Oak Hammock Marsh Interpretive Centre will unveil its new
Neotropical Migratory Bird exhibit on March 25 at 1:30 pm.
The exhibit re-creates a tropical mangrove wetland. It features a rare collection
of 22 life-size bird carvings by the Skeete family that was donated by the
Graeme Hall Nature Sanctuary in Barbados.
This unique collection shows familiar migratory birds from Canada sharing an exotic mangrove wetland with resident Caribbean birds.

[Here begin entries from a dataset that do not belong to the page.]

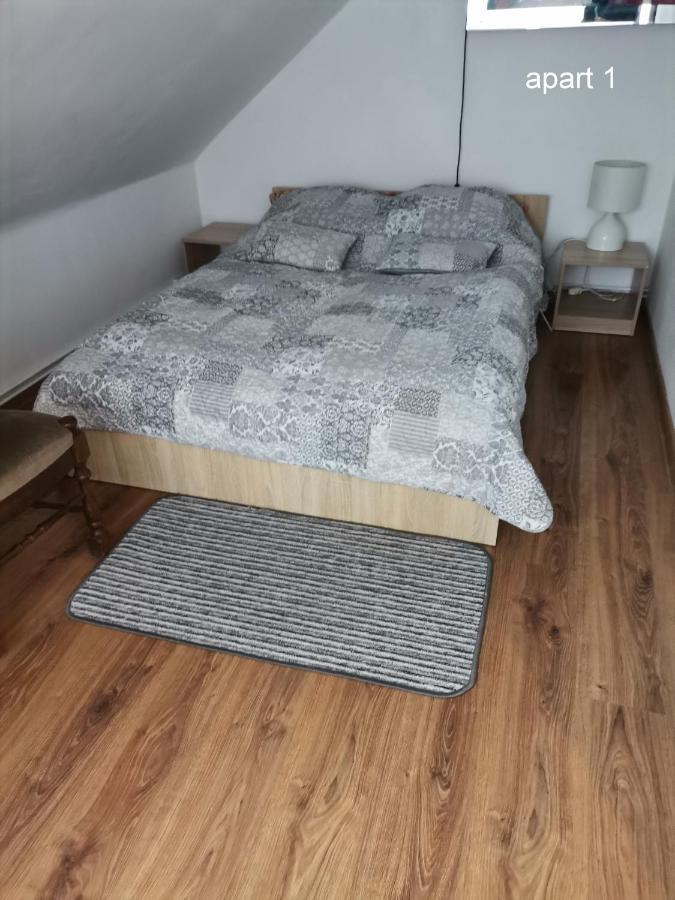Apartament Wolin Nad Woda Kolo Miedzyzdrojow Bagian luar foto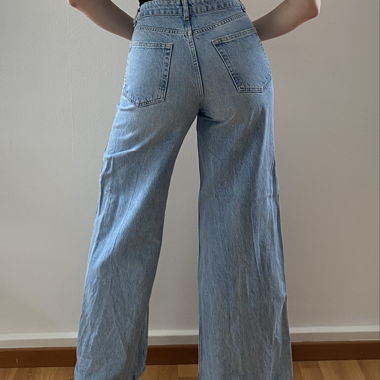 Light Long Jeans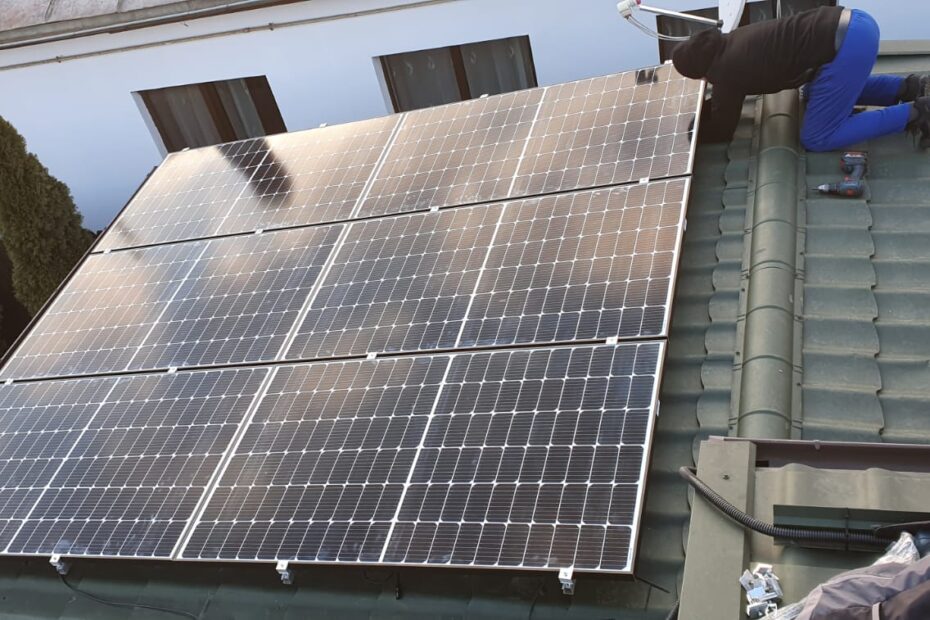panouri fotovoltaice Ploiesti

Visitors will be invited to follow Wally, the Yellow Warbler, on his annual migration from Oak Hammock Marsh to the south. Arriving at Wally's destination, visitors will use a viewing blind, binoculars, and interpretive signs to search for Wally among the mangroves that he shares with a variety of herons, egrets, and other resident Caribbean birds.

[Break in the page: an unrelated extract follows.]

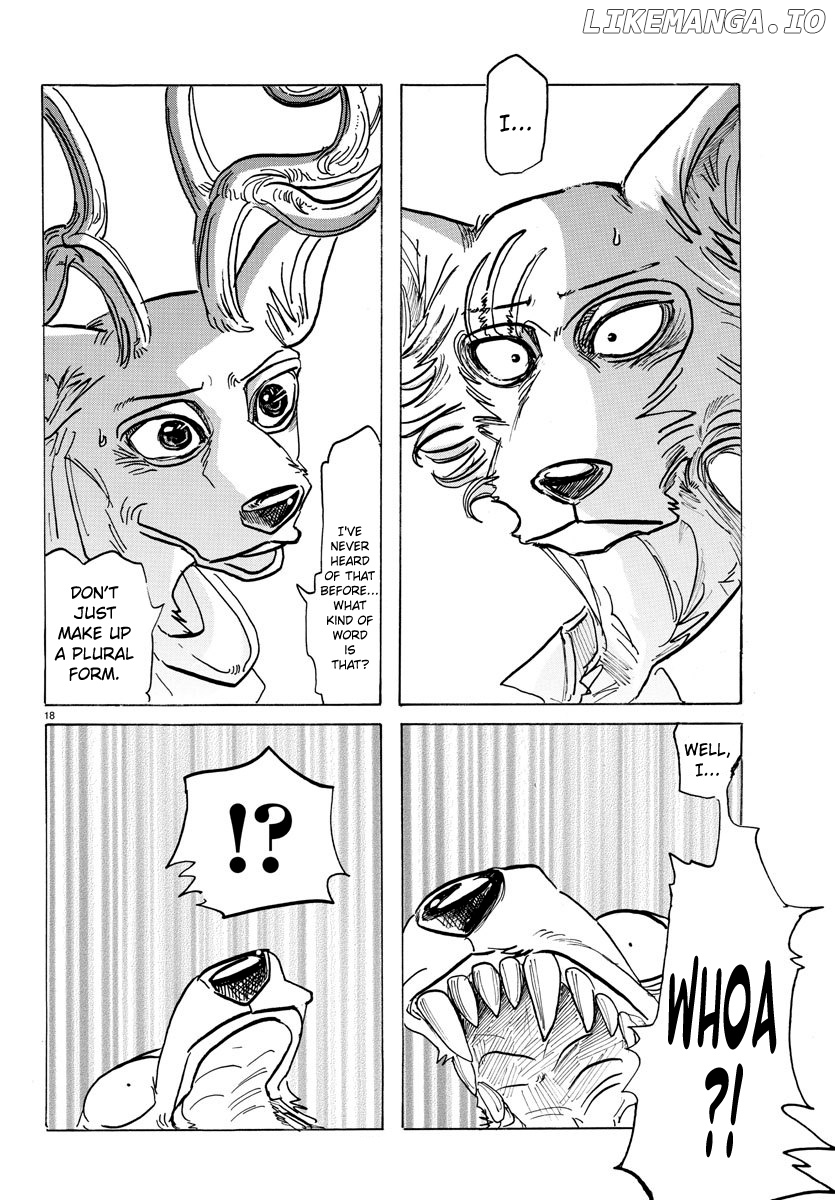 Read Beastars En Manga Online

"We were overwhelmed when Peter Allard and the Allard Family agreed to sponsor the creation of an exhibit that would not only showcase the beauty of these carvings," said Michele Kading, the Head of Interpretation at OHMIC.

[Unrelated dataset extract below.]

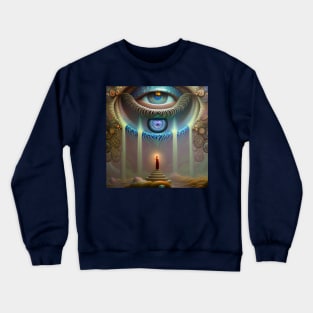 Omniscience Crewneck Sweatshirt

The new exhibit will help visitors realize the critical importance of Caribbean wetlands.
The first goose of the year was seen at Oak Hammock Marsh on March 11 at 11:45 am.
The person guessing the closest date and time of the arrival wins a family membership to the Interpretive Centre as well as a cute and cuddly plush Canada goose.
The winner for this year's contest is Sophia Schreckenbach from Winnipeg.
The arrival of the geese is a sure sign that spring is on its way!!
The annual bird migration is triggered by environmental factors, primarily the changes in the day length. These changes are also related to hormonal changes in the birds during the migration period called Zugunruhe, a German word meaning migratory restlessness, when many birds display higher activity as well as physiological changes such as increased fat deposition in preparation for the long flight ahead.